WORK INSTRUCTION - Reproduce the listing below in full and without alteration, apart from its pictures.

SOURCE MATERIAL -
◇ ◇ ◇

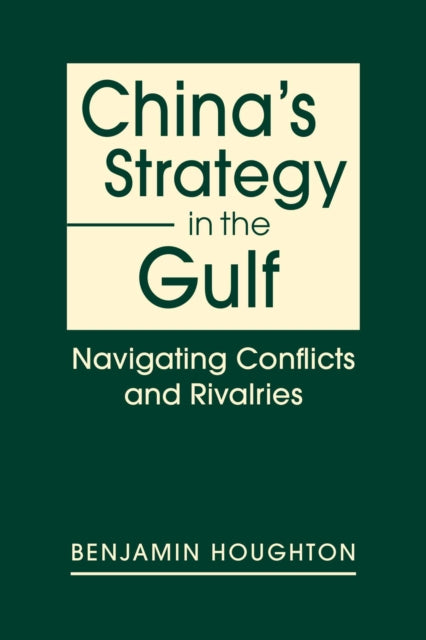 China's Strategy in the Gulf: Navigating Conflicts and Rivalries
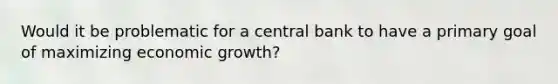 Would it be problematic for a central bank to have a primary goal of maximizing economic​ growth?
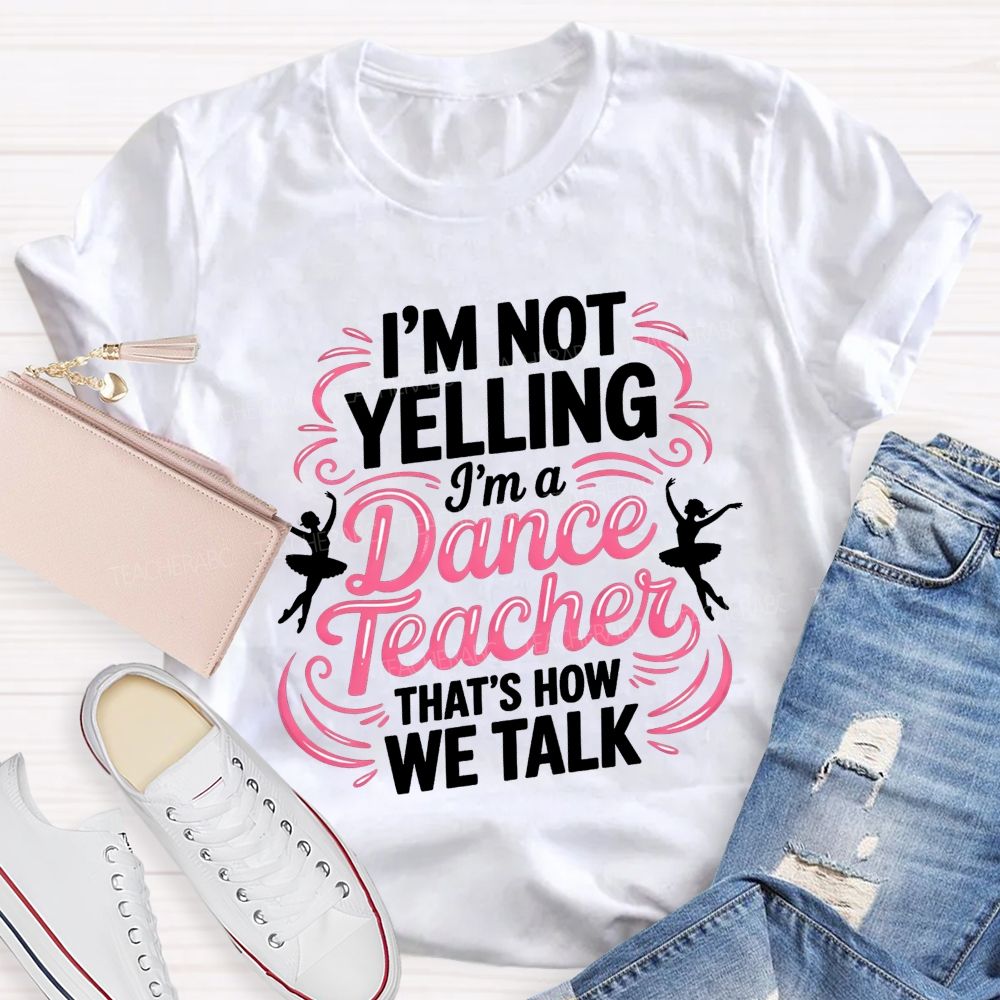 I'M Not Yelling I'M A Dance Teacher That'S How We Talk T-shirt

◇ ◇ ◇

RESPONSE TO THIS EXERCISE -
 China's Strategy in the Gulf: Navigating Conflicts and Rivalries
 Would it be problematic for a central bank to have a primary goal of maximizing economic​ growth?
 I'M Not Yelling I'M A Dance Teacher That'S How We Talk T-shirt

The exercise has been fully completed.